Extracted data entries:
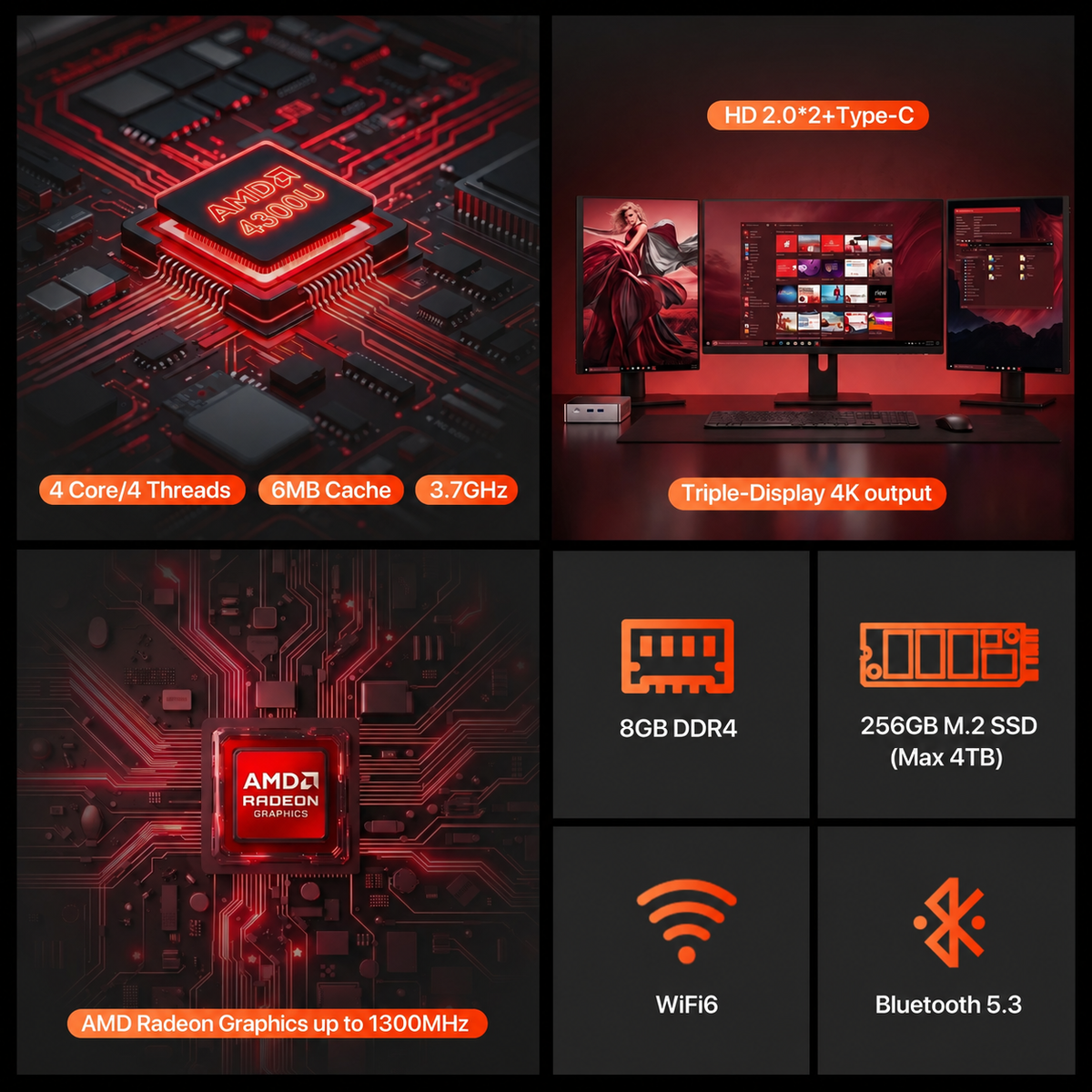 PELADN WO5 Ryzen 3 4300U Mini PC with triple display, Radeon graphics and WiFi 6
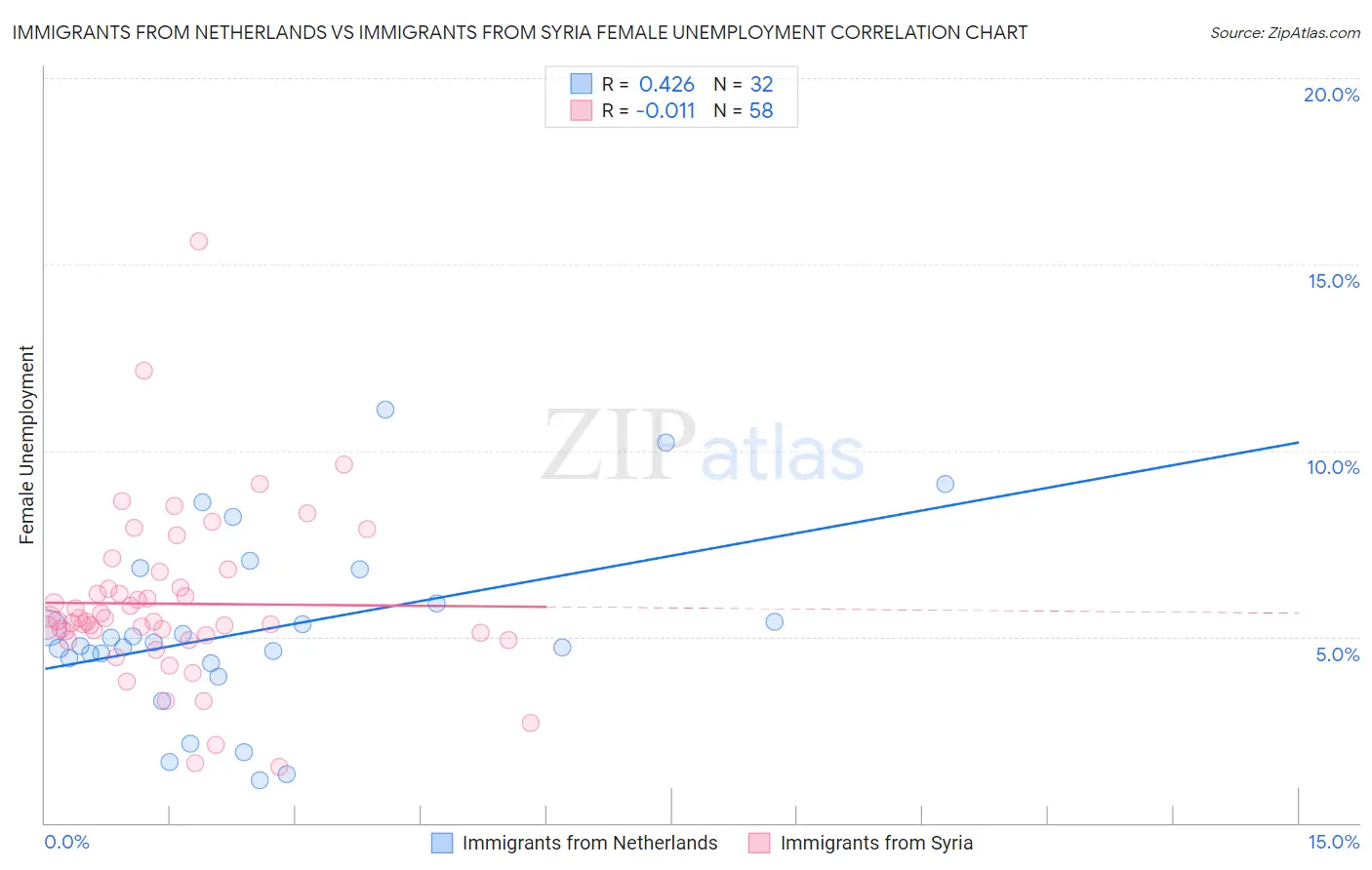 Immigrants from Netherlands vs Immigrants from Syria Female Unemployment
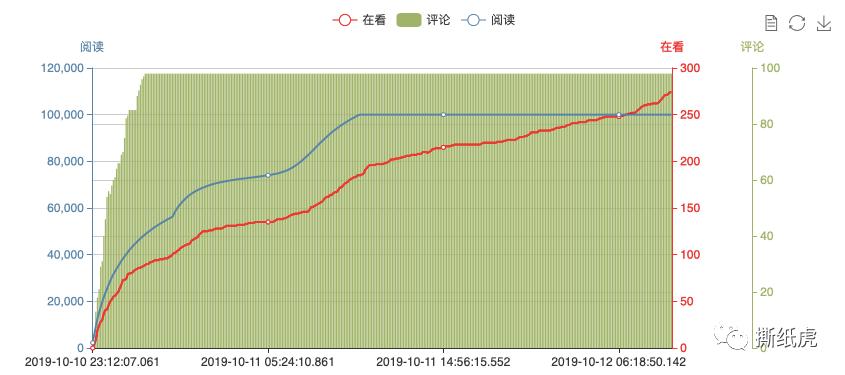最佳辩手结局,最佳辩手2辩论赛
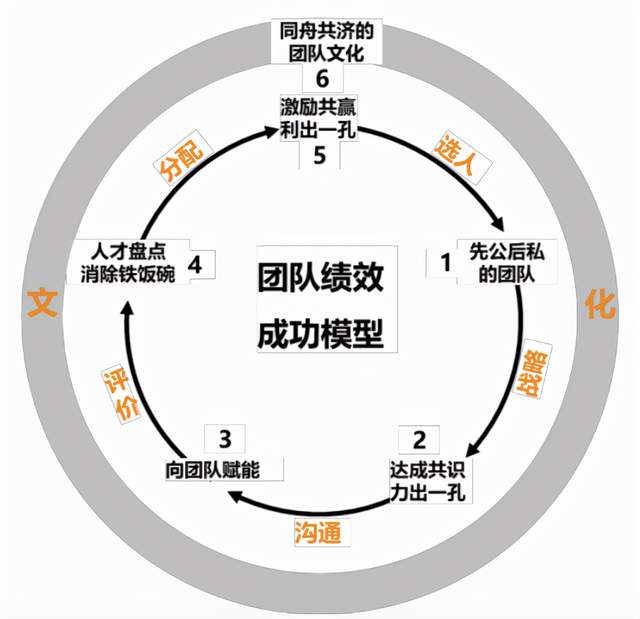 剧组规则，塑造卓越团队的基石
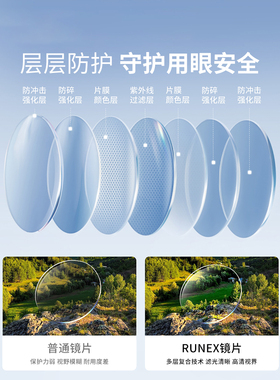 骑行眼镜防风沙户外运动男女款墨镜防紫外线太阳镜爬山登山护目镜
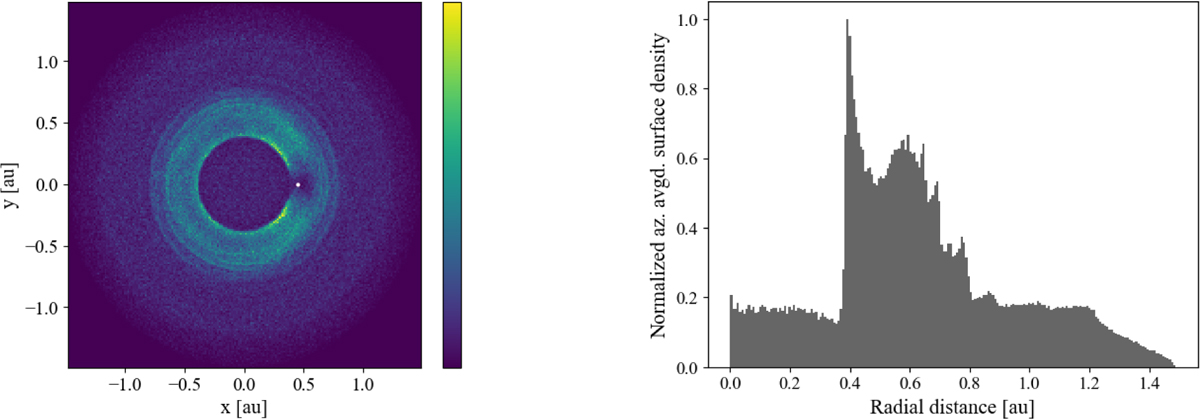 Fig. 1 Refer to the following caption and surrounding text.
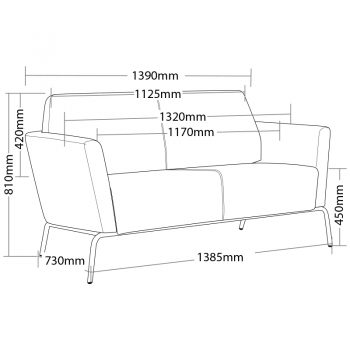 Sofa sizes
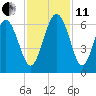 St. Simons Island tide chart for Thursday, November 11, 2021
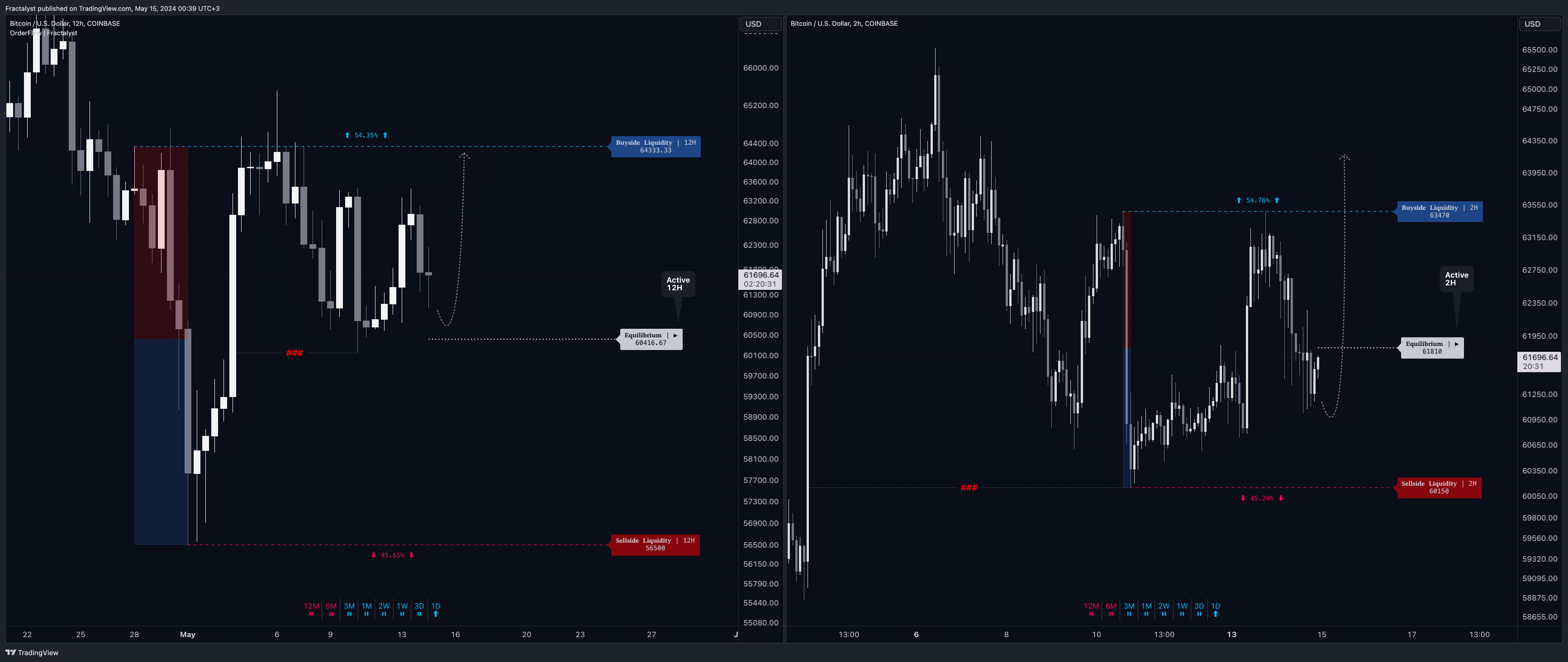 COINBASE:BTCUSD Chart Image by Fractalyst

◆ WHAT YOU WILL DO: Restate word for word the lines starting at the one that contains "Fig. 1 Refer" and ending at the last line of the data. Skip every picture.

◆ RESULT:
 Fig. 1 Refer to the following caption and surrounding text.
 Sofa sizes
 St. Simons Island tide chart for Thursday, November 11, 2021
 COINBASE:BTCUSD Chart Image by Fractalyst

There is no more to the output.